July 15, 2015 at 11:53 am
Hi All,
I have four columns in my table, the first one is the identity column
col1 Col1 col2 col3
1 12 1 This is Test1
2 12 2 This is Test1
3 12 3 This is Test3
4 12 4 This is Test4
5 12 5 @@@@@
when, I see, @@@ sign in my col4, I need to restart the col3 from 1 again so it will look like this
col1 Col2 col3 col4
1 12 1 This is Test1
2 12 2 This is Test1
3 12 3 This is Test3
4 12 4 This is Test4
5 12 5 @@@@@
6 12 1 This is another test1
7 12 2 This is another Test2
Is it possible to do that?
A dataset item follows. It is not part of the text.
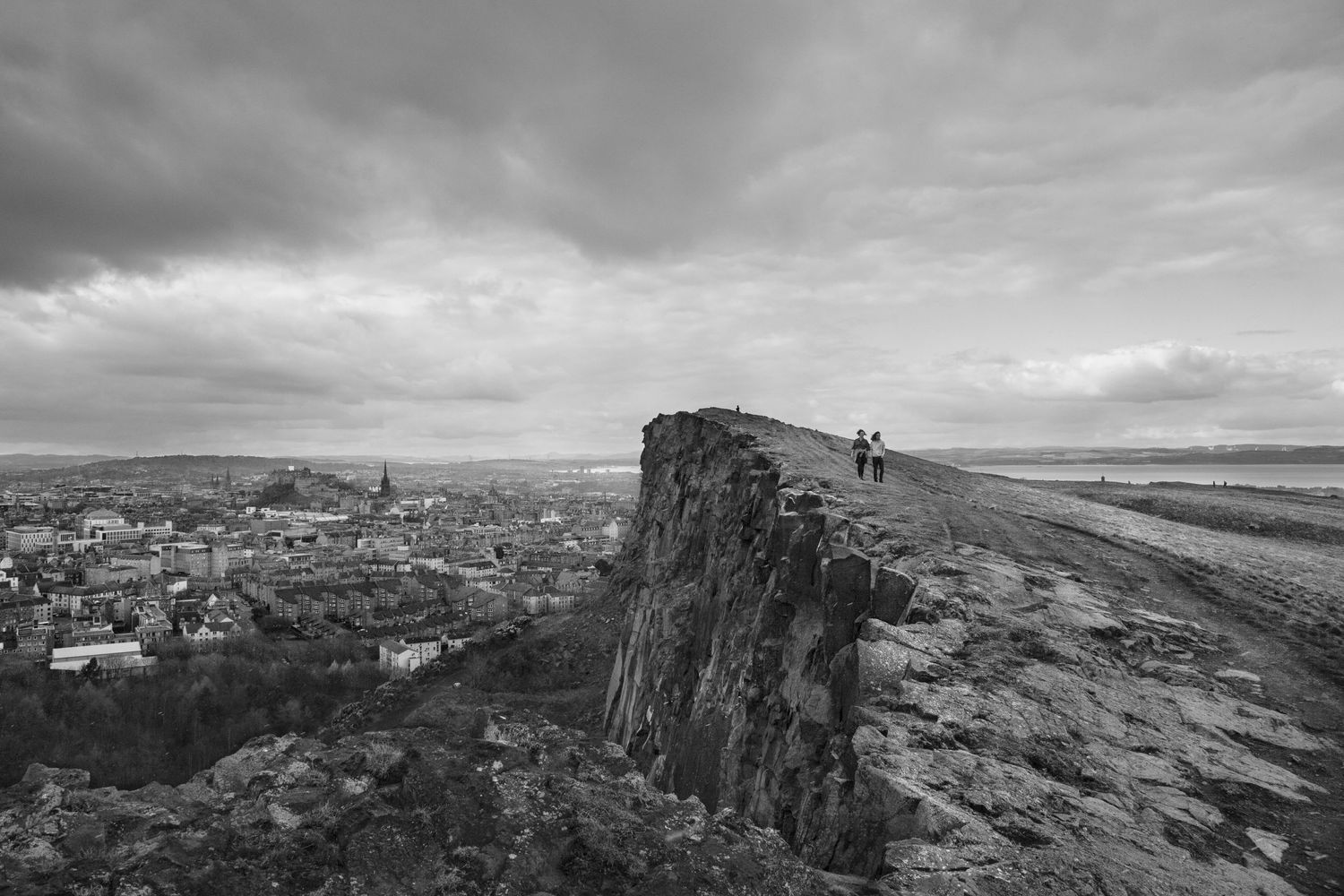 Panoramic view of a rugged Scottish highland landscape with dramatic cloudy skies and rocky cliffs.
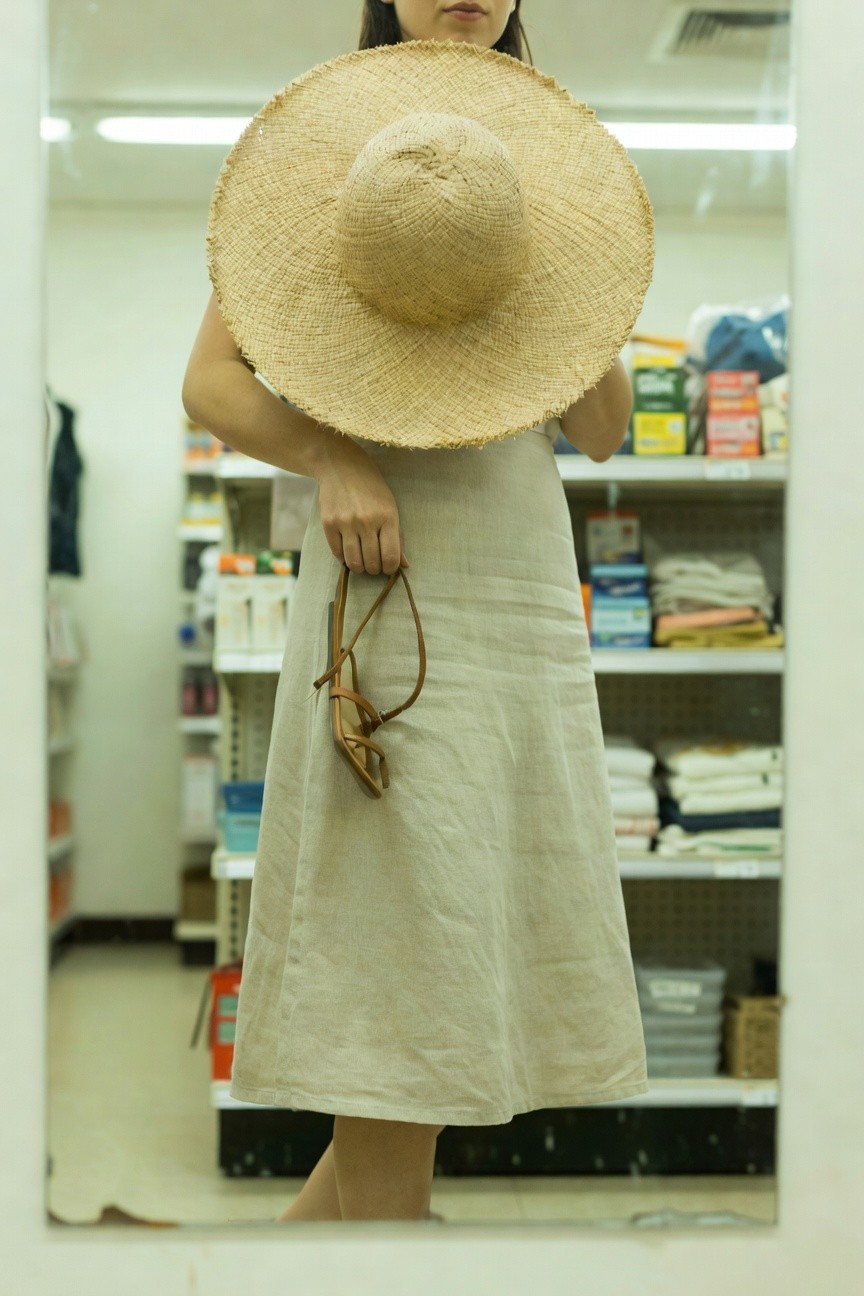 Woman in a loose beige linen midi dress holding tan leather sandals in one hand, wearing an oversized straw hat, standing barefoot in front of a store mirror reflecting shelves of products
Any help will be appreciated.
July 15, 2015 at 12:39 pm
Do you need to do it at insert or is it an update AFTER the rows are inserted?
It is possible to do it in both cases. Seems like an odd requirement though and perhaps a better design is possible.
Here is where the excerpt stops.